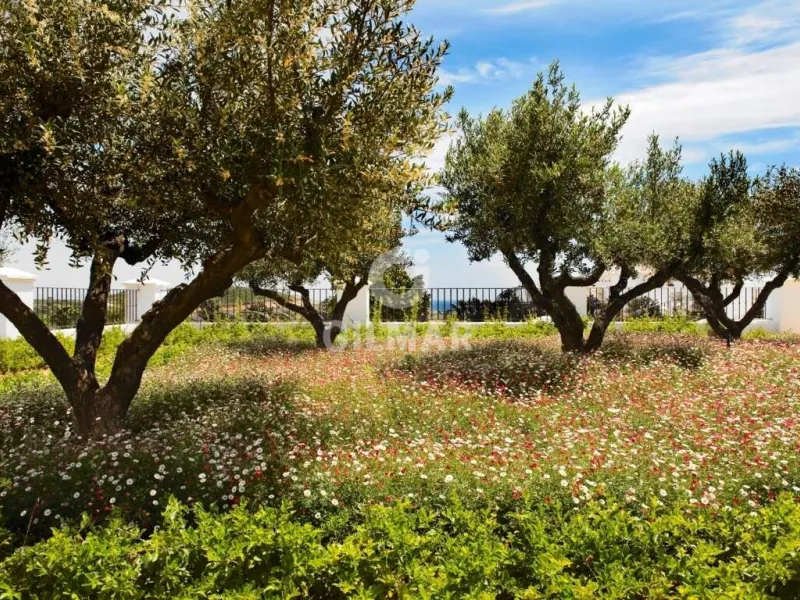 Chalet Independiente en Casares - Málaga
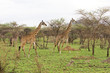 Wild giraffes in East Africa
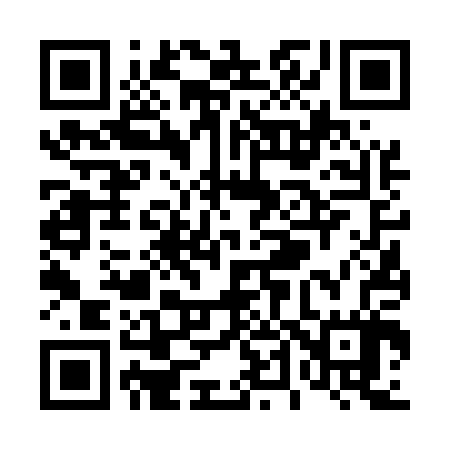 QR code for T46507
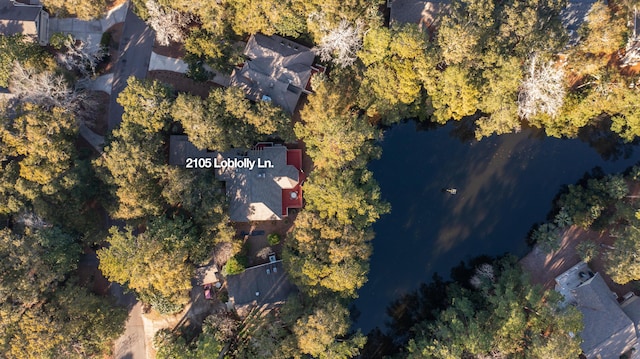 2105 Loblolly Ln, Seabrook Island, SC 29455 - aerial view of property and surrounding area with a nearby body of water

■ ■ ■ ■ ■

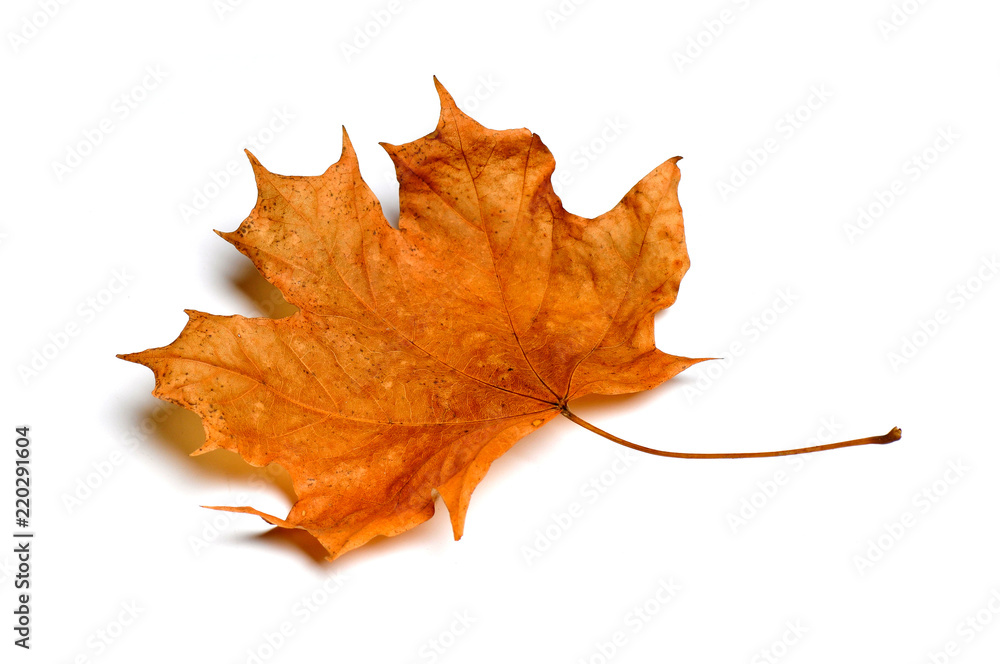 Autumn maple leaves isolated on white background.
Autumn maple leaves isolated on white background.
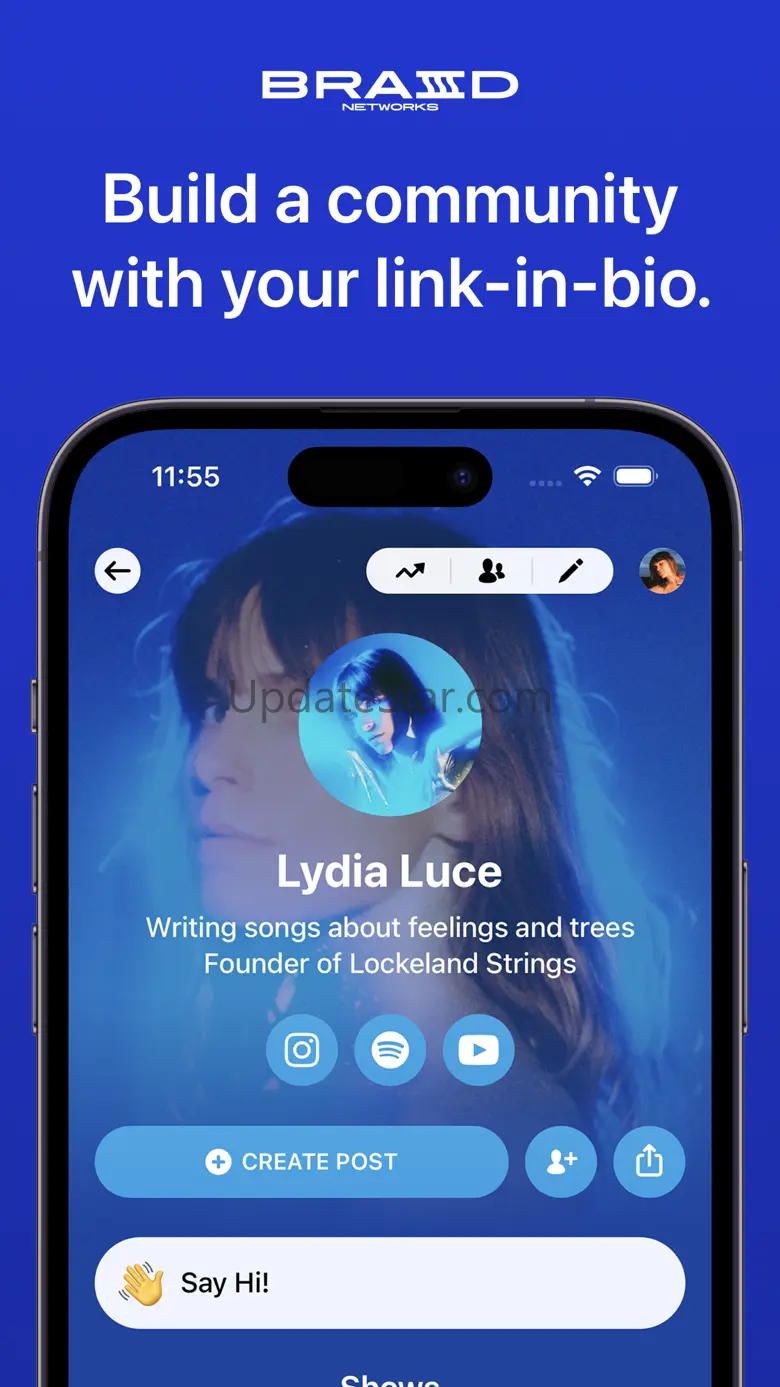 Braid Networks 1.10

■ ■ ■ ■ ■

• TASK TO COMPLETE: What you return from the records above should be exactly everything from the line with "Wild giraffes in East Africa" down to the line with "2105 Loblolly Ln, Seabrook", both kept, and no pictures.

• ANSWER AREA:
 Wild giraffes in East Africa
 QR code for T46507
 2105 Loblolly Ln, Seabrook Island, SC 29455 - aerial view of property and surrounding area with a nearby body of water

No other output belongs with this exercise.